When Nathan Gresham first got to Louisiana, he was on the one-year plan.
Now, it’s hard to imagine Baton Rouge’s restaurant scene without him.
Since he was 18, the chef/co-owner of Beausoleil has loved the intensity and stress that comes with being in the weeds in a restaurant kitchen.
“When I first started cooking in Mississippi, I wanted to get beat down,” he said. “I loved the pain. I enjoyed being in the restaurant and getting my teeth knocked in every single night. Then, it was like, ‘Whew, let’s do that again.’ ”

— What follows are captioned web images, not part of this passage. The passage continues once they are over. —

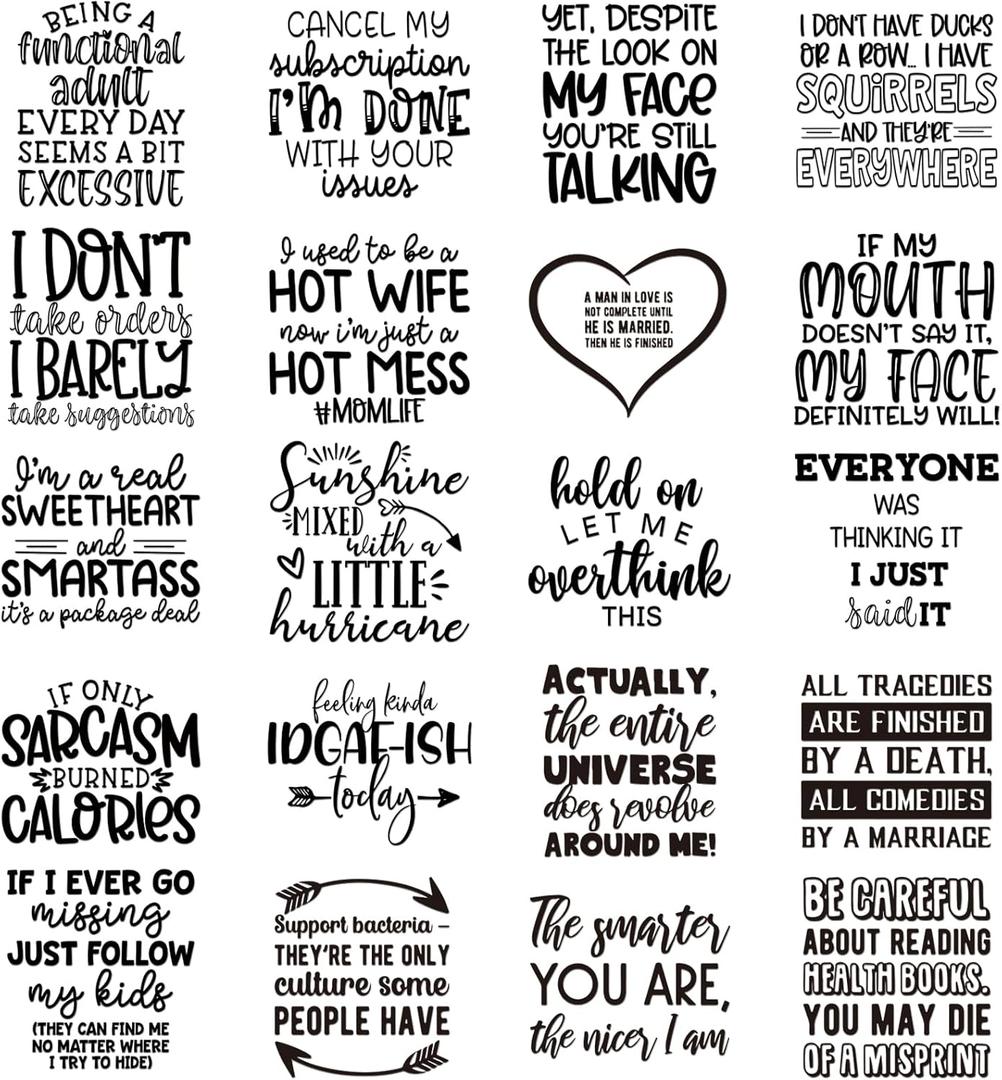 Sarcastic Quotes Iron on Transfers for T Shirts - 20 Sheets Funny DTF Transfers Ready to Press Iron on Decals Vinyl Design for Clothing Jacket Hat Bag DIY Costume Decorations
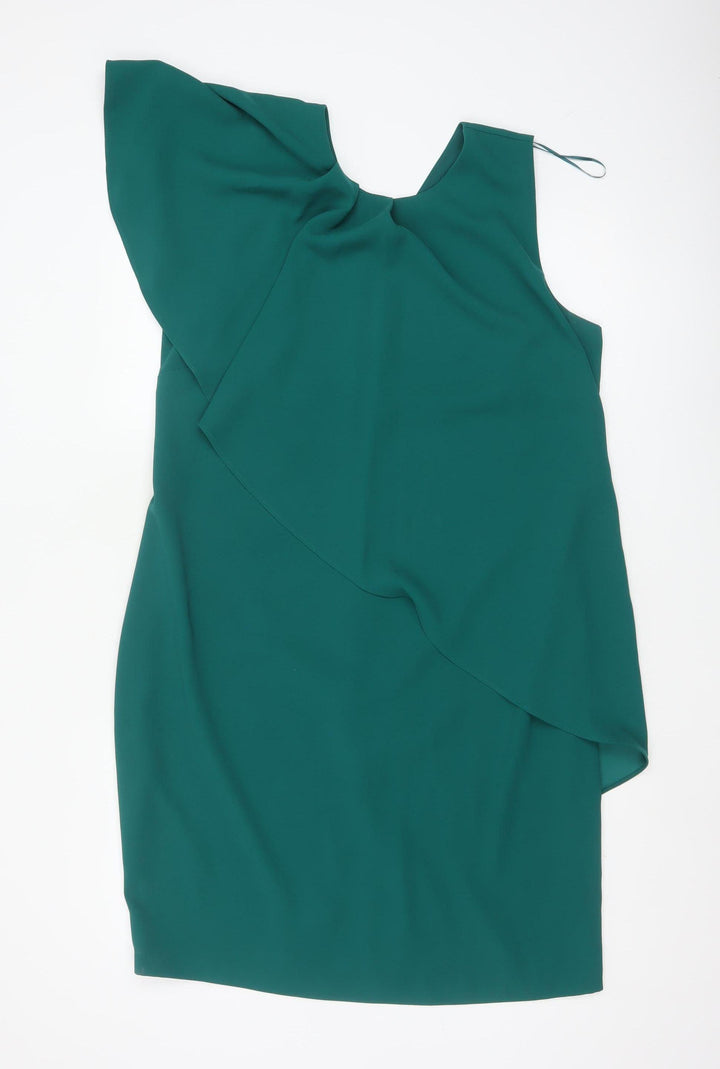 Next Women’s Green Asymmetric Ruffle Sheath Dress Size 14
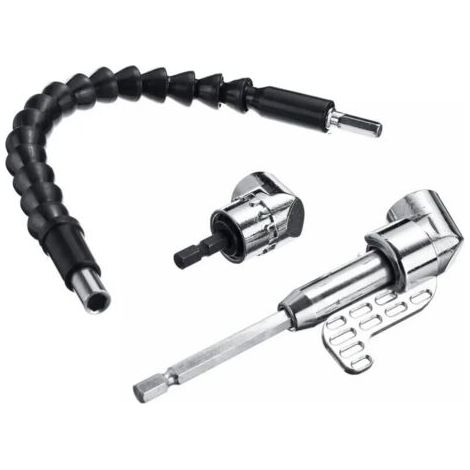Tournevis d'extension à angle droit à tige hexagonale de 1/4 pouce à 105 degrés avec arbre flexible de 300 mm (1/5)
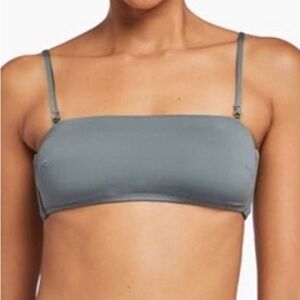 Vitamin A Bandeau and High Rise Gray Bikini Set in Small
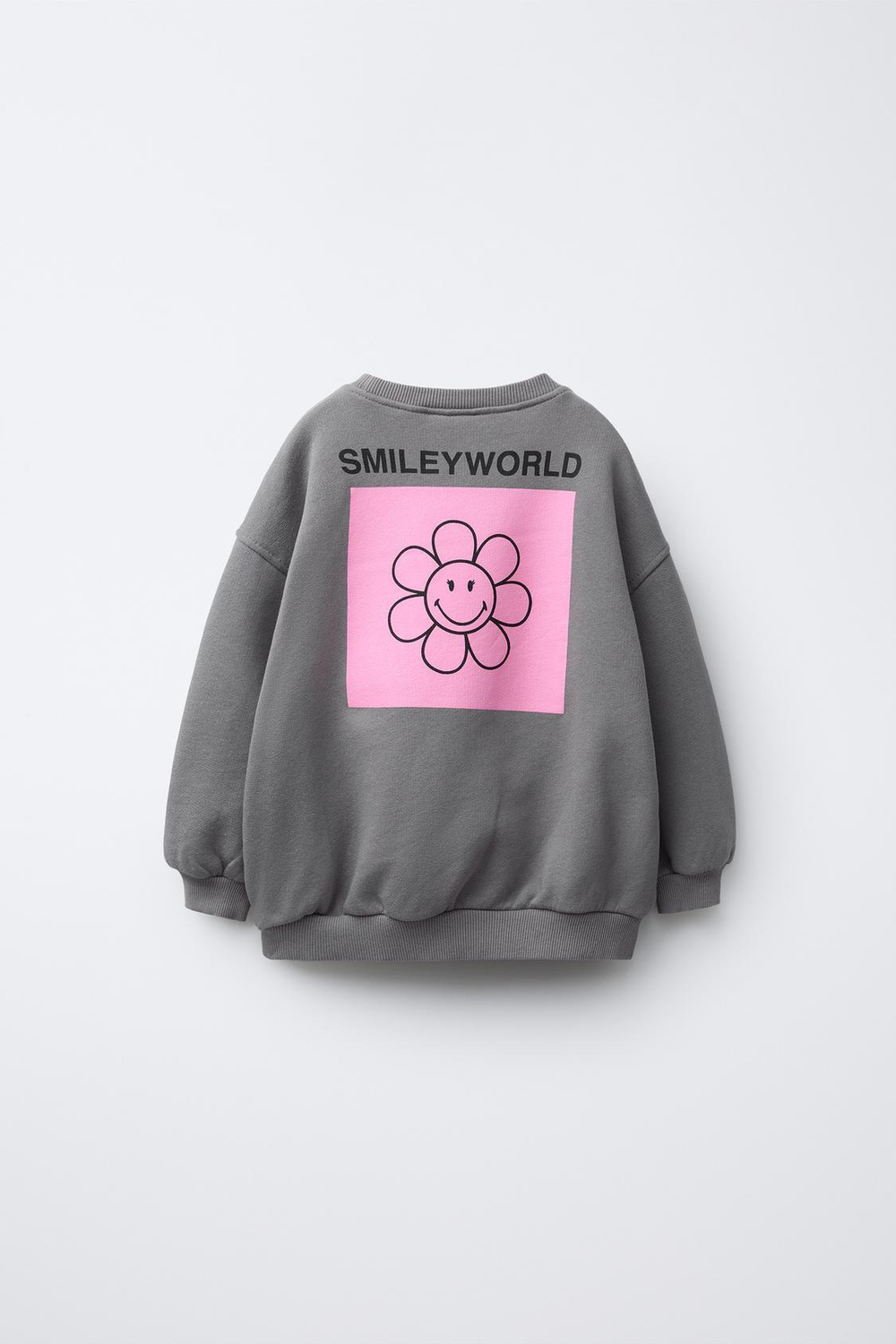 ZARA ТОЛСТОВКА С ЦВЕТОЧНЫМ ПРИНТОМ SMILEYWORLD ®, СЕРЫЙ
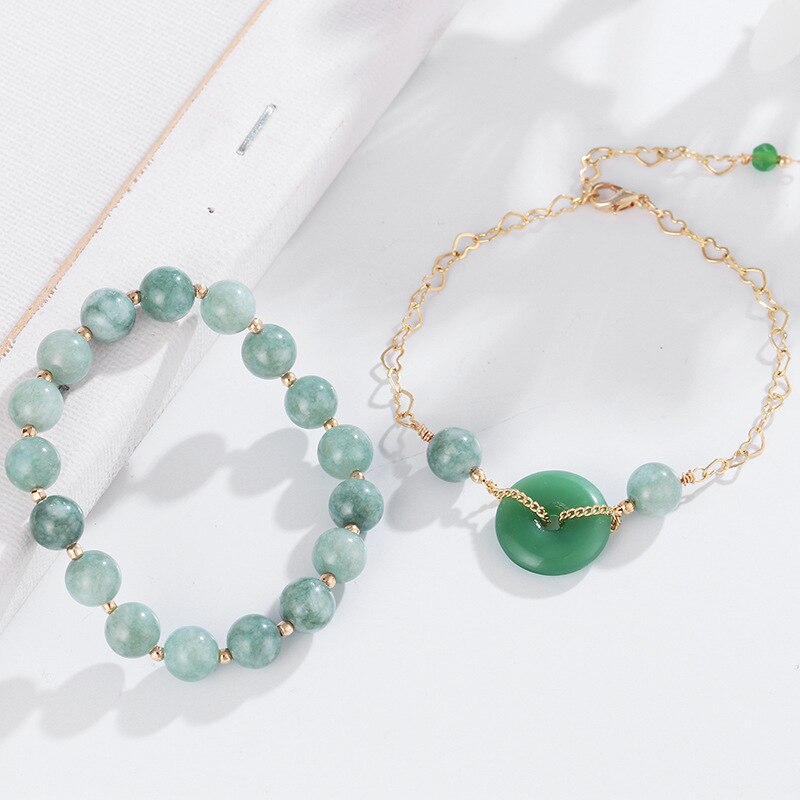 Green Jade Bracelet Set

By the time he was 21, Gresham’s résumé included cooking in Wyoming at Yellowstone National Park and Anthony’s Good Food Market in West Point, Mississippi. But it wasn’t until he moved to Steamboat Springs, Colorado, in 2003, that he met two of the most important people in his culinary life — Rebecca and Marco Pauvert.
Gresham first worked with Rebecca, who trained him in fine-dining at Hazie’s.
“She had me doing tedious stuff,” Gresham said, with a child-like grin. “She would have me rolling out speed racks of chocolate truffles. I would do thousands of them.”
Gresham had a love/hate appreciation for that type of work. But through Rebecca, Gresham got to work with Marco — a French master butcher known for his speed and precision when it comes to cutting up pork, chicken and fish.
In 2004, the Pauverts and Gresham opened The Epicurean Café, a small, open-kitchen restaurant with around a dozen tables and a charcuterie shop. Working with Marco, Gresham learned and perfected his butchering.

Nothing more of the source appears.